Il estime que c’est principalement du côté des dépenses publiques que les efforts devront être consentis plutôt que sur une hausse de la fiscalité au vu de l’état de la demande, et alors que les prélèvements sont déjà particulièrement pénalisants par rapport aux autres pays européens. « Au vu de la faiblesse des investissements réalisés par les entreprises, accroître la fiscalité ne sera pas le meilleur levier pour créer de la richesse sur le long terme ».
Allocation d’actifs
En termes d’allocation d’actifs, Christopher Dembik souligne ne pas détenir de dette souveraine française, et avoir seulement une faible exposition sur les actions au travers de certains acteurs du luxe. « Nous ne voyons toutefois pas de risque sur les actifs français, et la volatilité constituera plutôt une bonne opportunité d’achat. Contrairement à certains de nos concurrents, nous ne pensons pas que le processus électoral français doit conduire à sous-pondérer les actions françaises, voire l’ensemble des marchés européens ».
« Pour le reste, nous restons quand même fortement surpondérés sur les Etats-Unis, car nous anticipons une poursuite de la performance boursière positive sur le long terme avec une croissance qui va progressivement ralentir vers 2% et permettre à la Réserve Fédérale de ne faire qu’une seule baisse de son taux directeur en 2024, plutôt vers la fin de l’année ».

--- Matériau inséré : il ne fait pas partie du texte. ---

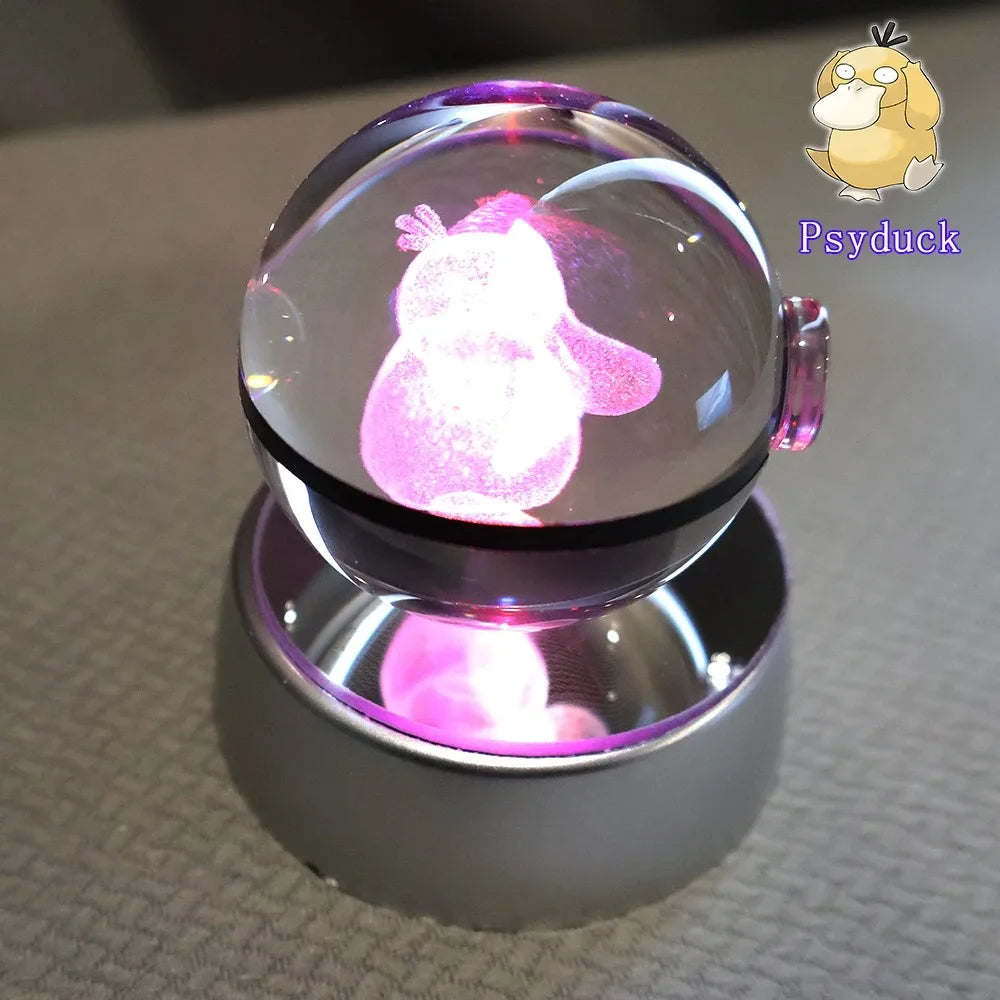 Pokemon 3D Crystal Ball Pikachu Gengar Mew Mewtwo Figurines Lamp Base Pokeball 3D Pokemon Glass Ball Statue Kids Birthday Gift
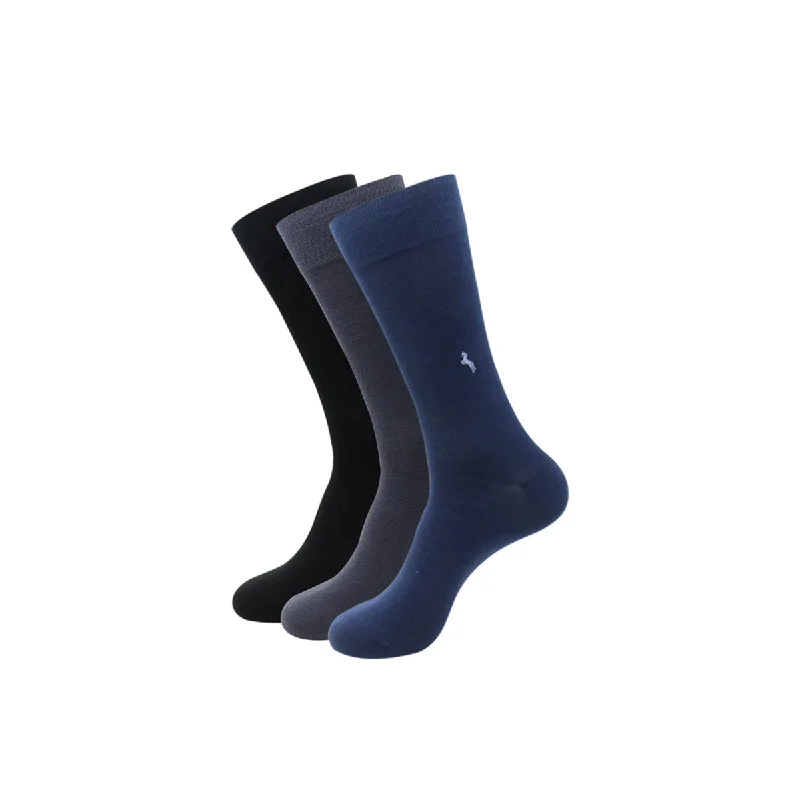 Balenzia Men’s Formal Organic Cotton Socks- Black, Navy, Dark Grey-  (Pack of 3 Pairs/1U)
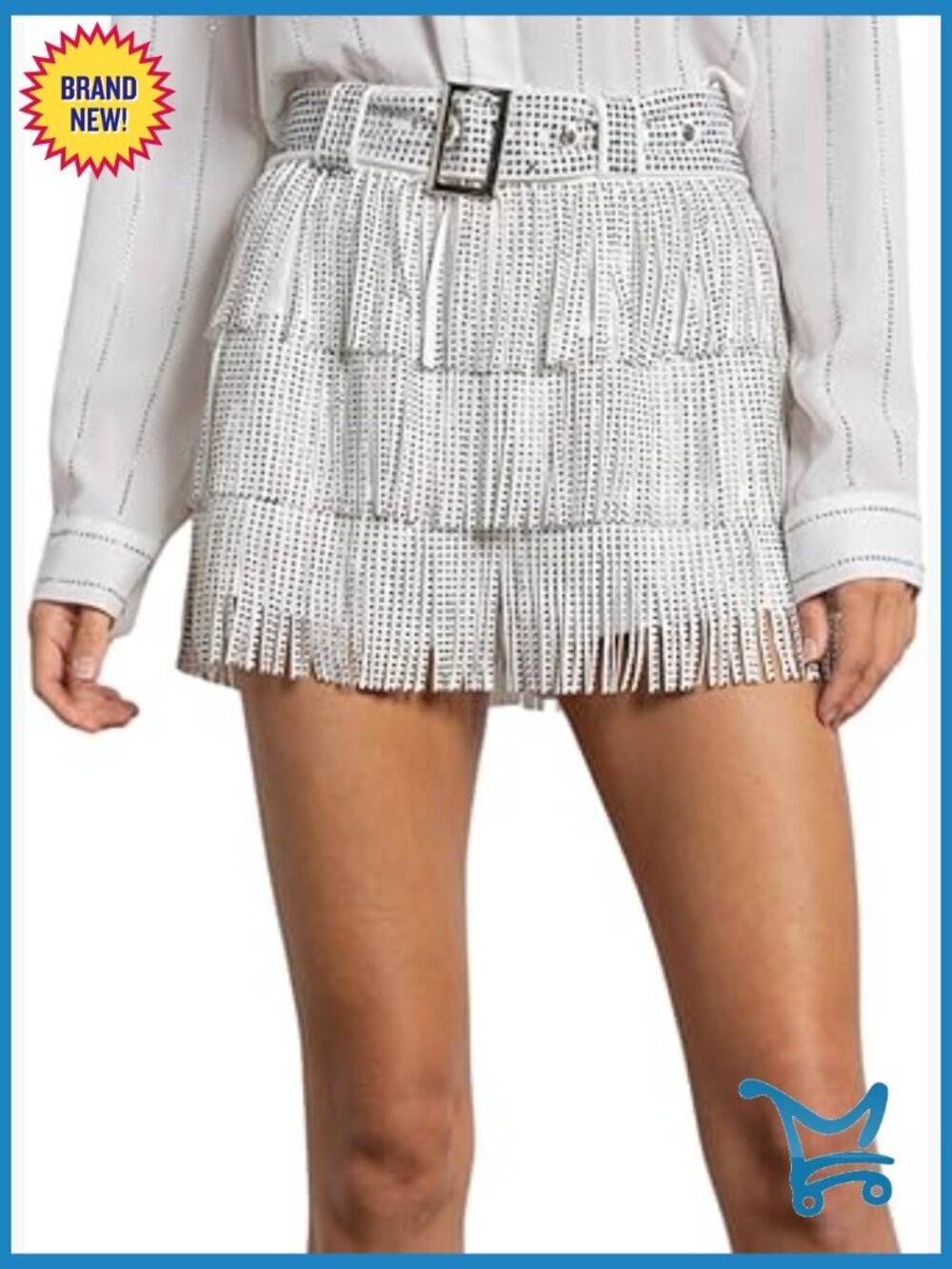 Rhinestone Fringe Skort with Built-in Shorts for Women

Il souligne également que le déficit budgétaire américain n’est pas vraiment un problème par rapport à la France. « Un déficit n’est fondamentalement pas un problème s’il est bien alloué et se traduit par des gains de productivité importants. Et le marché se souvient également que les Etats-Unis ont toujours été en mesure de réduire rapidement et drastiquement leur déficit par le passé ».
Diversification japonaise
Et termes de secteur, il reste convaincu par les perspectives des valeurs exposées sur l’intelligence artificielle, qui est au cœur d’une révolution industrielle qui va toucher l’ensemble des secteurs économiques durant les prochaines années. « NVidia est au cœur de cette évolution, et le groupe a bien compris qu’il ne pouvait pas rester uniquement sur le développement de puces, qui fera un jour ou l’autre face à un nouvel entrant ».
A côté de la technologie américaine, il reste également convaincu par les perspectives de long terme pour le marché japonais, qui présente la caractéristique d’être assez peu exposé sur la thématique de l’intelligence artificielle avec une consommation intérieure qui devrait progressivement accélérer grâce à l’augmentation du pouvoir d’achat.
« Le Japon, c’est également le meilleur moyen d'avoir du rendement, avec des sociétés leader qui disposent de liquidités importantes à distribuer. Ce marché offre également une bonne diversification par rapport à notre allocation sur la technologie et le dollar. Ce positionnement permet également d’être exposé sur la Chine sans devoir investir directement dans ce pays, qui fait toujours face à des défis importants et à une méfiance croissance de la part des investisseurs internationaux ».